I am currently working through the Hierarchical Risk Parity algorithm (Lopez de Prado (2016) link ) and trying to understand each of the steps.
I have completed the step of creating the clusters, and visualised them using a dendrogram. Here's an example dendrogram for sake of illustration:
At this point, the way I thought HRP worked was by calculating the min-variance weights in each cluster from the bottom to the top. In the example dendrogram above, this would thus be:
- Calculate minvar weights between JPM and BoA
- Calculate minvar weights between JPM+BoA cluster (var calculated using the weights from #1) and BRK
- Calculate minvar weights between JPM+BoA+BRK cluster and Exxon
- Etc.
The final weights would then be the product of all the weights calculated in these steps.
I don't seem to be the only one with this mental heuristic.

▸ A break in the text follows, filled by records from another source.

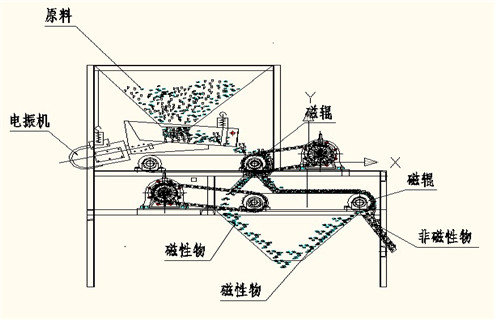 鐵礦石磁選機(jī)，鐵礦石磁選機(jī)_與時(shí)俱進(jìn)，鐵礦石磁選機(jī)多少品位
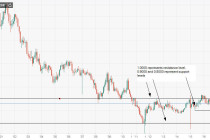 USDCHF Analysis – wait for the Fed decision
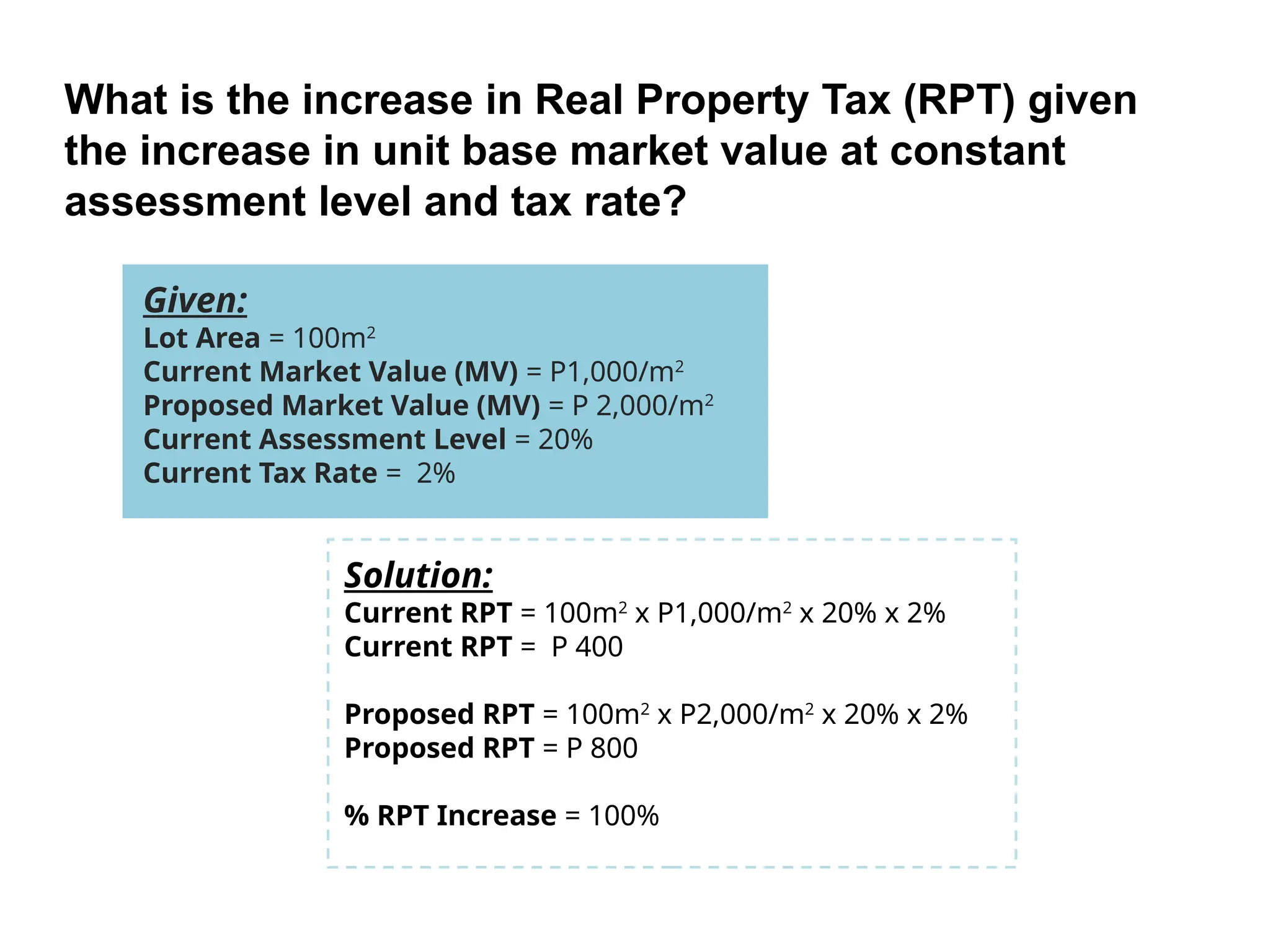 What is the increase in Real Property Tax (RPT) given
the increase in unit base market value at constant
assessment level and tax rate?
Given:
Lot Area = 100m2
Current Market Value (MV) = P1,000/m2
Proposed Market Value (MV) = P 2,000/m2
Current Assessment Level = 20%
Current Tax Rate = 2%
Solution:
Current RPT = 100m2
x P1,000/m2
x 20% x 2%
Current RPT = P 400
Proposed RPT = 100m2
x P2,000/m2
x 20% x 2%
Proposed RPT = P 800
% RPT Increase = 100%
 
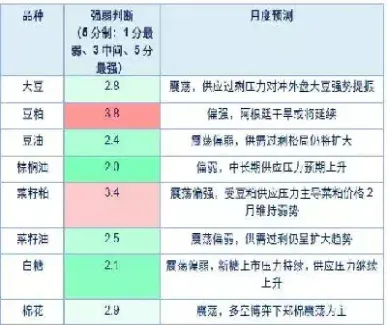 农产品期货强弱分化(农产品期货强弱分化的原因)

In the documentation for the PyPortfolioOpt
library, the following "rough overview" is presented (my highlights):
From a universe of assets, form a distance matrix based on the correlation of the assets. Using this distance matrix, cluster the assets into a tree via hierarchical clustering. Within each branch of the tree, form the minimum variance portfolio (normally between just two assets). Iterate over each level, optimally combining the mini-portfolios at each node.
Seemingly this is not how the HRP algorithm works. Instead, it seems to purely use the clusters to sort the assets in the quasi-diagonalisation step. It then takes this sorted list and creates its own new clusters by bisection, and then calculates minvar working from top to bottom.
In the example dendrogram, this would mean some assets we clustered in the first step would never end up in a cluster together after being sorted. E.g. Facebook and Alphabet would end up being separated in the first bisection step.
Have I understood this correctly? If so, why does this make sense? What is an intuitive way to understand why this works?